Auch er ist wieder im Gespräch – Bannon verfolgt exakt diese Strategie. Er integriert Themen wie Kapitalismuskritik, die Kluft zwischen „Eliten“ und „Arbeiterklasse“, Bekämpfung der Globalisierung oder Staatsskepsis in seine eigene Agenda und versteht sie auf eine Weise zu rahmen, dass sie zu seinen eigenen politischen Vorstellungen und Zielen werden. Bannon und andere Protagonisten verleihen diesen Themen eine nationalistisch-völkische respektive populistische Wendung und machen sie so für die breit aufgestellte Rechte politisch handhabbar, zu erfolgversprechenden Wahlkampfthemen. (In kleinen Zirkeln der Rechten gab es schon immer Kapitalismus- oder Globalisierungskritik). Während liberale Gruppierungen über Inklusion und Diversität sprechen, dreht Bannon die Argumente um und spricht stattdessen von der „Bedrohung“ der nationalen oder kulturellen Identität. Er greift hier wieder gleiche Begrifflichkeiten auf, verkehrt sie jedoch ins Gegenteil – zu einer Abwehrhaltung gegenüber Zuwanderung und Diversität; zusätzlich aufgeladen mit Ressentiments und „Gefühlen“. Ob es hierzulande schon einen „Bannon“ gibt? Mediale Praktiken im rechts(extremen) Spektrum sind denen in den USA jedenfalls zum Verwechseln ähnlich.
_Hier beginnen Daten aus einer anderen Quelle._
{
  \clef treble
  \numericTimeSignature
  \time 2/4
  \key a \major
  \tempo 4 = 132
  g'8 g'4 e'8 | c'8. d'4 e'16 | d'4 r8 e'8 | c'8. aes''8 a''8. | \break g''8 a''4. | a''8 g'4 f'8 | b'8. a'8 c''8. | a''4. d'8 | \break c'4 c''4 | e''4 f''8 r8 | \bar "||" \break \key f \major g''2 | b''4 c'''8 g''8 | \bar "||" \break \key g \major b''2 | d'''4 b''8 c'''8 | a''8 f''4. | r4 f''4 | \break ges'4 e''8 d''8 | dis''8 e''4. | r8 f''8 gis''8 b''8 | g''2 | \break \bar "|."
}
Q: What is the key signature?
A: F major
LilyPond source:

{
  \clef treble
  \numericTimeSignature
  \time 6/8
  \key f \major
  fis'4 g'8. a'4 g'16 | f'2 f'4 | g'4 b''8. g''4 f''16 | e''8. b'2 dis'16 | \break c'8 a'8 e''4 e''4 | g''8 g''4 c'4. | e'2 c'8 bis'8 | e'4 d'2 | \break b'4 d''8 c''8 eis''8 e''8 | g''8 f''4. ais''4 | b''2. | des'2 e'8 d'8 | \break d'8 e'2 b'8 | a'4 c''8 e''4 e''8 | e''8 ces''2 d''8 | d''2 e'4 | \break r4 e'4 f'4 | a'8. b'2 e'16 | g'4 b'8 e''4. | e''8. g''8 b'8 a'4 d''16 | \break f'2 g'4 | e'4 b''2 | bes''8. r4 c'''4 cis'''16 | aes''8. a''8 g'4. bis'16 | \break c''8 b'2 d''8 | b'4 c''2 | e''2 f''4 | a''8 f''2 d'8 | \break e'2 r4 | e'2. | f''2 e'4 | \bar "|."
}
Die Wirkung auf linke politische Aktivisten ist signifikant – sie verlieren ihre politische Identität und so auch in Teilen ihre persönliche, denn sie können nun nicht mehr „einfach“ und unbefangen ihre Kritik an den Zuständen vortragen. Wer den Kapitalismus oder soziale Missstände auf die gleiche Weise wie Rechte kritisiert, erscheint (und fühlt sich möglicherweise) selbst wie ein Rechter. Es gleicht dem Märchen vom Hasen und dem Igel: Der linke Hase kommt oben am Acker an; vulgo tritt mit einer kritischen Meinung an die Öffentlichkeit und der oben am Acker schon wartende rechte Igel ruft „ick bün all hier“, vulgo hat diese Meinung schon zu seiner eigenen gemacht. Und nicht nur das – desgleichen ist die Wirkung auf den gesamten politischen Diskurs desaströs: Wie es in modernen Gesellschaften konservative und liberale Elemente geben muss für eine politische Balance, bedarf es des linken Elements!
Diese Gesamtschau auf die Politik ist zugleich Ansatz zu linker Selbstkritik. Hat nicht beispielsweise linker Skeptizismus gegenüber staatlichen Maßnahmen zu Corona-Zeiten dazu beigetragen, dass rund um die Pandemie rechte Verschwörungsmythen gedeihen konnten? Oder war eher das Problem, dass viele Linke in der Covid-Ära zu zaghaft und zu staatsgläubig waren? Immer dann also, wenn die Linke meint, das politische Abdriften der Rechten mit einer prägnanten These dingfest gemacht zu haben, muss die Linke bei sich selber nachhaken: Ist das nicht zu einfach? Sind hier nicht eigene verdrängte Krisen und Versäumnisse im Spiel? Was sagt die Entwicklung von rechten Protagonisten über die Versäumnisse bei der Linken, also über deren Aktivisten? Die Aktivisten, die sich nach wie vor als Linke verstehen, stehen Rechtsfanatikern gegenüber, die mit ihren Parolen manchmal wie die rôle travesti oder Hosenrolle der Linken daherkommen …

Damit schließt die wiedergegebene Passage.